Ultrasonic Record Cleaning Experiences

Hey All,
Thought I would start a new thread to discuss experiences with ultrasonic record cleaning. I just ordered a Cleaner-Vinyl Easy3 along with US tank and distilled water surfactant. I plan to report back after initial testing / cleaning this weekend with any luck based on arrival of the Easy3 stuff.

What prompted this is some recent listening to both new and older vinyl and observing some rather disturbing inner groove distortion, skips, etc. I tried using my very primitive home grown record cleaner and feel I may have caused some damage or jammed some crud into the grooves. This is an area of my vinyl setup that was way overdue for upgrading so here we go.

From all I’ve read this is the preferred method of getting your vinyl ultra clean (sorry couldn’t resist). If others have first-hand experience I’m sure the forum would love to hear from you.

Best,
Kurt

I’m also interested but don’t have own experience unfortunately. I spoke to a few experts however and got different feedback.
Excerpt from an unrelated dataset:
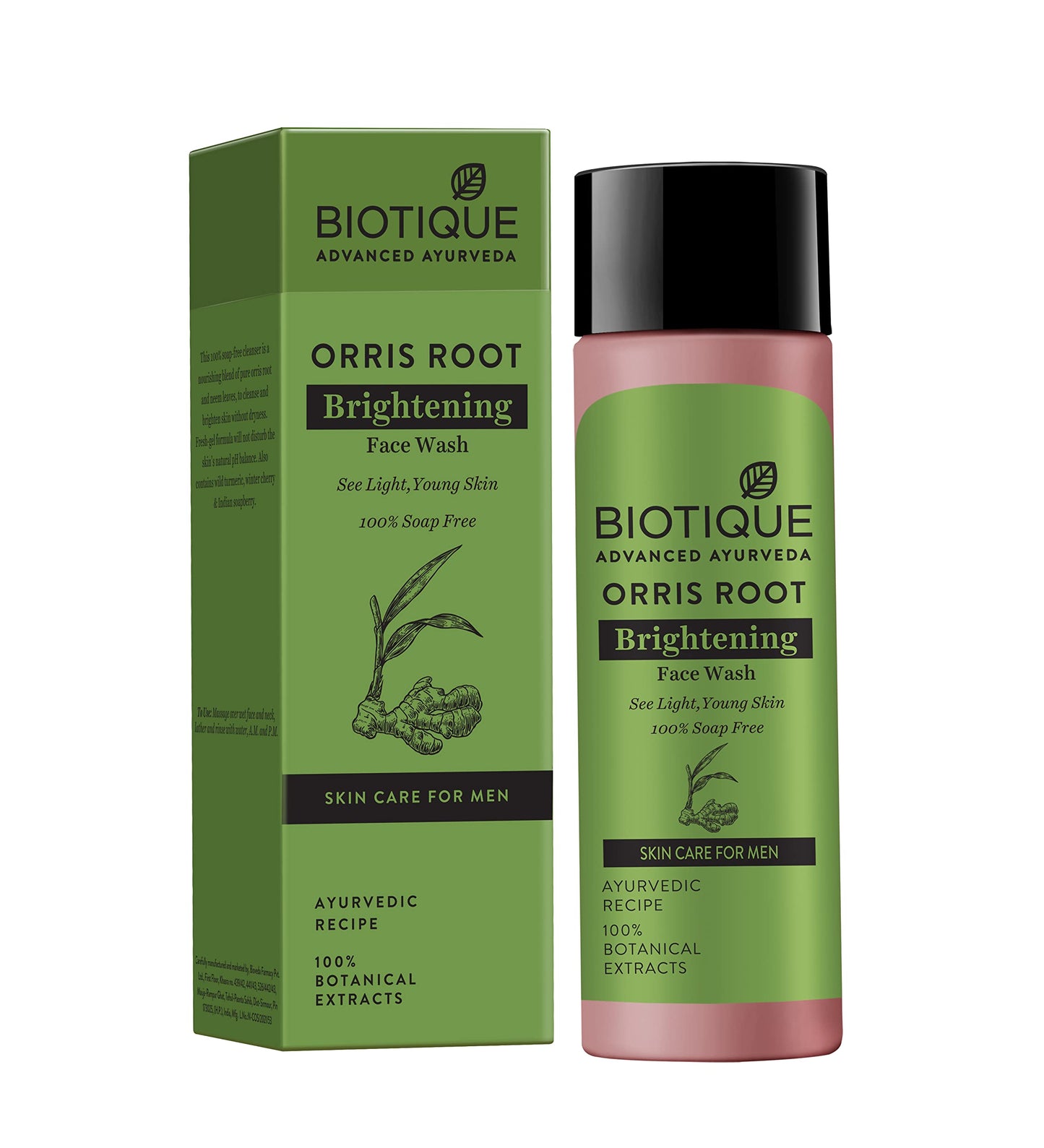 Biotique Bio Orris Root Lightening Face Cleanser for Men, 100% Soap Free, 120 ml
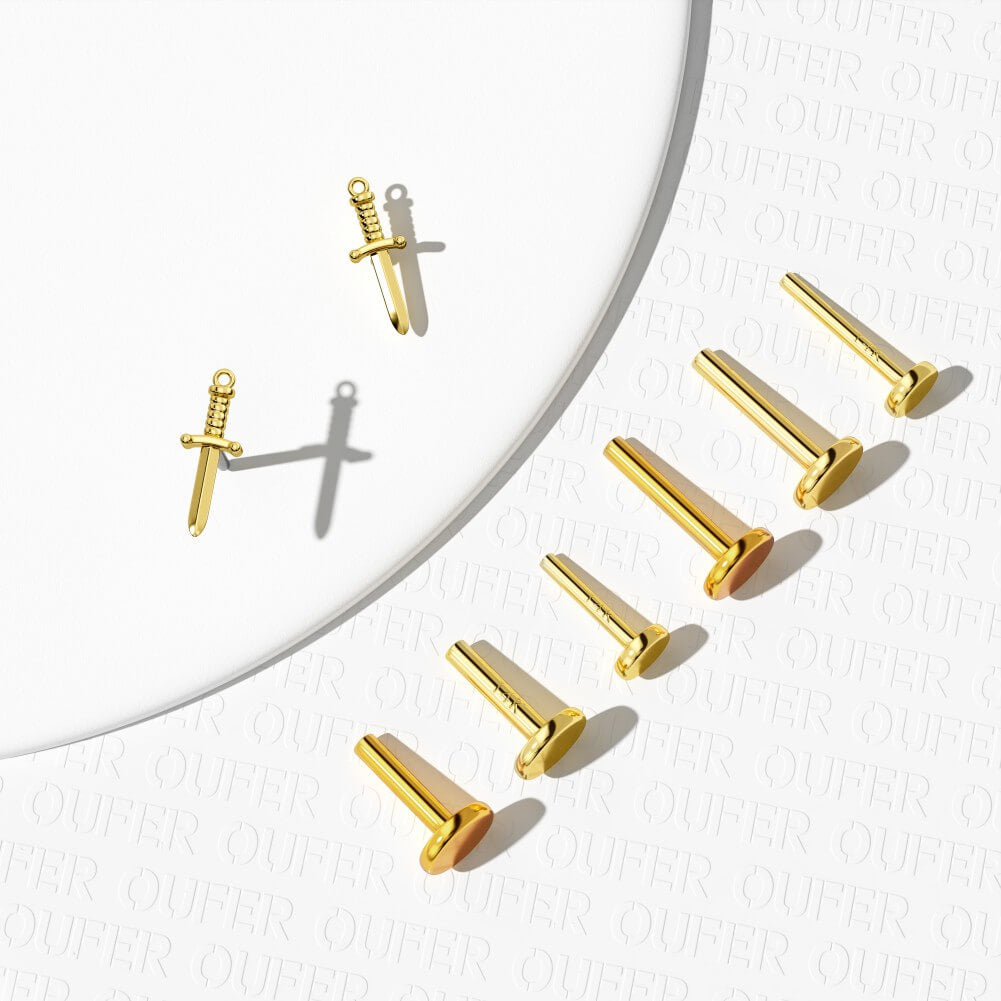 14K Gold Dagger Threadless Nose Stud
On the one hand ultrasonic cleaning can help where normal cleaning machines can’t, on the other hand, I heard that it’s most important to use microfiber for mechanical cleaning and that cleaning without mechanical implication isn’t comparable to what you can accomplish with it. The conclusion was to have both (two machines).

I definitely think groove distortion is not caused by a record cleaner, it’s just a question of how the record was cut and how critical the music is for distortion, of the record condition and of the cartridge’s ability and adjustment. The two latter (if optimal) usually make groove distortion an absolute exception.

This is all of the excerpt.